Contextualization, Networking, and even VNC console access are all supported. Not all features supported by virtual machines have been thoroughly tested in this release and thus may not be supported.

Caveats

  1. There is presently a limitation of approximately 8 containers per compute node.
    • This can be worked around manually by adding additional loopback and nbd devices to the compute nodes. This was not done in this release due to the potential to cause compatibility or reliability regressions on compute nodes.
  2. LXD containers cannot be fetched directly from the Linux Container Marketplace due to the LXD daemon on compute nodes having no route to the internet.

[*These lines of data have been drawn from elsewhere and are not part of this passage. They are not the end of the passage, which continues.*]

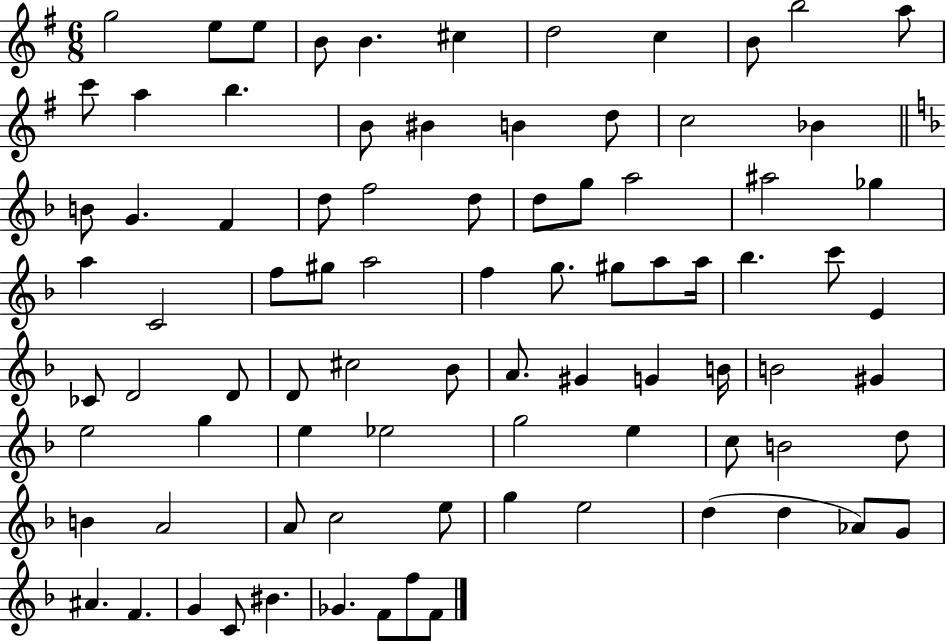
{
  \clef treble
  \numericTimeSignature
  \time 6/8
  \key g \major
  g''2 e''8 e''8 | b'8 b'4. cis''4 | d''2 c''4 | b'8 b''2 a''8 | \break c'''8 a''4 b''4. | b'8 bis'4 b'4 d''8 | c''2 bes'4 | \bar "||" \break \key f \major b'8 g'4. f'4 | d''8 f''2 d''8 | d''8 g''8 a''2 | ais''2 ges''4 | \break a''4 c'2 | f''8 gis''8 a''2 | f''4 g''8. gis''8 a''8 a''16 | bes''4. c'''8 e'4 | \break ces'8 d'2 d'8 | d'8 cis''2 bes'8 | a'8. gis'4 g'4 b'16 | b'2 gis'4 | \break e''2 g''4 | e''4 ees''2 | g''2 e''4 | c''8 b'2 d''8 | \break b'4 a'2 | a'8 c''2 e''8 | g''4 e''2 | d''4( d''4 aes'8) g'8 | \break ais'4. f'4. | g'4 c'8 bis'4. | ges'4. f'8 f''8 f'8 | \bar "|."
}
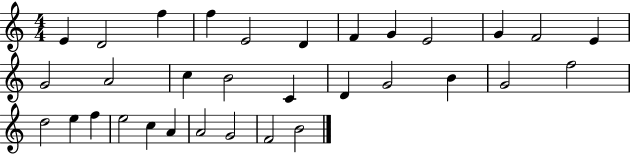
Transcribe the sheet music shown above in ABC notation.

X:1
T:Untitled
M:4/4
L:1/4
K:C
E D2 f f E2 D F G E2 G F2 E G2 A2 c B2 C D G2 B G2 f2 d2 e f e2 c A A2 G2 F2 B2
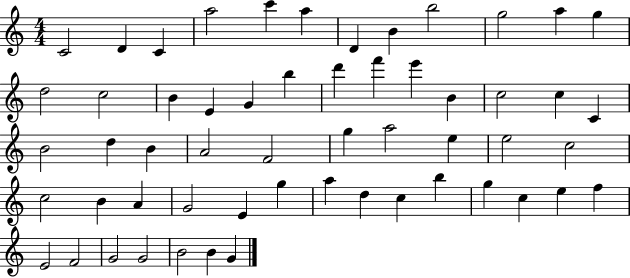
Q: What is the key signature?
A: C major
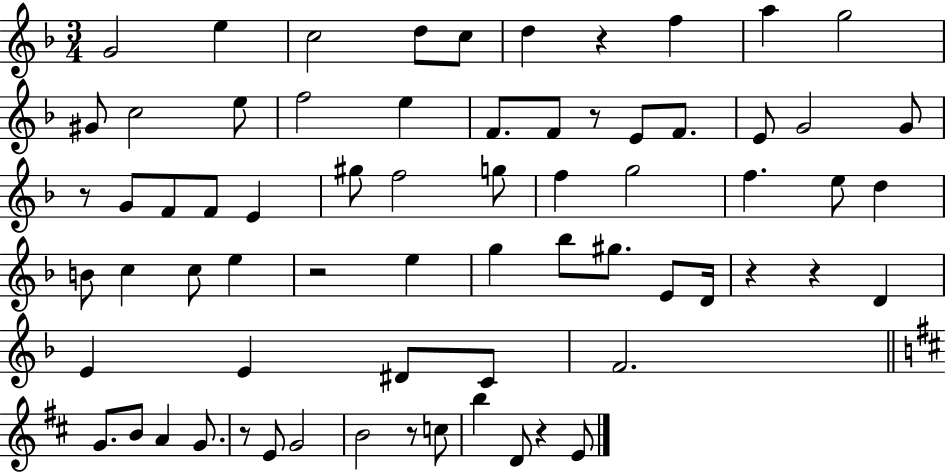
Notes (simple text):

G4/h E5/q C5/h D5/e C5/e D5/q R/q F5/q A5/q G5/h G#4/e C5/h E5/e F5/h E5/q F4/e. F4/e R/e E4/e F4/e. E4/e G4/h G4/e R/e G4/e F4/e F4/e E4/q G#5/e F5/h G5/e F5/q G5/h F5/q. E5/e D5/q B4/e C5/q C5/e E5/q R/h E5/q G5/q Bb5/e G#5/e. E4/e D4/s R/q R/q D4/q E4/q E4/q D#4/e C4/e F4/h. G4/e. B4/e A4/q G4/e. R/e E4/e G4/h B4/h R/e C5/e B5/q D4/e R/q E4/e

    • In general, KVM images CAN be used, and many standard KVM images in the HyperCloud Marketplace can be used with LXD, such as the Debian 10 KVM image. In general, an image can be used for a container if it has a flat file system (a single partition rootfs) formatted using ext4. This is the only requirement.
  3. When creating templates for LXD, be sure to specify the below metadata:
    • LXD_SECURITY_PRIVILEGED = true
    • SCHED_REQUIREMENTS = HYPERVISOR=`lxd`
    • HYPERVISOR = lxd
    • Due to the production-scale untested nature of all container functions, it is entirely possible that LXD operations may intermittently fail. If this happens, the system may be out of sync with the container state on the compute node. To clean up a container in the terminating state, follow these steps:
      • Log into the compute node where the container was deployed.
      • Unmount the loopback device if contextualization was enabled, if applicable.
      • Unmount the root file system for the container, if applicable.
      • Delete the container from LXC (using lxc delete ), if applicable.
      • Unmap the loopback device (using losetup -d), if applicable.
      • Unmap the NBD device (using rbd-nbd unmap), if applicable.
      • Process the VM deletion action from HyperCloud again, if applicable.
      • Delete the RBD image for the container, if applicable.